A torrent of fraudulent requests – 28.8 million exchanges over 45 days – orchestrated, according to Anthropic, by operators linked to Alibaba to clone Claude’s capabilities. It’s the largest model extraction attack the company has ever measured, and it took place after U.S. export restrictions had already limited Chinese access to advanced models. A confidential letter sent to Senators Scott and Warren reveals the scale of the operation: nearly 25,000 artificially created accounts, a systematic violation of terms of service, and a deliberate focus on key features such as agentic reasoning, software engineering, and long-horizon tasks.

The mechanism: not a hack, but a systematic siege

The campaign, active between April 22 and June 5, did not exploit technical vulnerabilities in the model or infrastructure. Instead, it gamed Claude’s public API interface by using a swarm of fake accounts to bypass rate limits and access policies. Each seemingly legitimate exchange was a piece of a broader attempt to distill the model’s capabilities: extracting response patterns, chain-of-thought techniques, and problem-decomposition strategies. It’s the modern equivalent of reverse engineering applied to LLMs, and it works when the target model is sufficiently exposed.

Anthropic’s letter notes that the operation aimed at “some of Claude’s most valuable capabilities,” the very ones that make the model competitive for complex enterprise workloads.

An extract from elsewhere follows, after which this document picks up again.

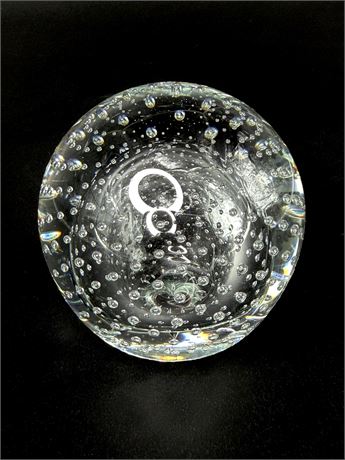 Mark Matthews Glass Ball Paperweight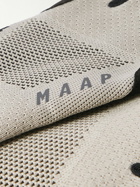 MAAP - Alt Road Logo-Print Mesh and ARIAPRENE® Cycling Gloves - Gray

This was not a casual collection of outputs, but a deliberate effort to map distinctive competencies.

Why the Alibaba case marks a turning point

The episode lands in a moment of intense geopolitical tension around large language models. Following the release of Mythos – Anthropic’s flagship model – export controls sought to restrict the flow of advanced capabilities to Chinese actors. Yet the attack shows that a cloud-first model, no matter how monitored, remains an exposed target: the attack surface of APIs is inherently wide, and defense hinges on rate limiting and behavioral monitoring, which a well-funded adversary can persistently circumvent.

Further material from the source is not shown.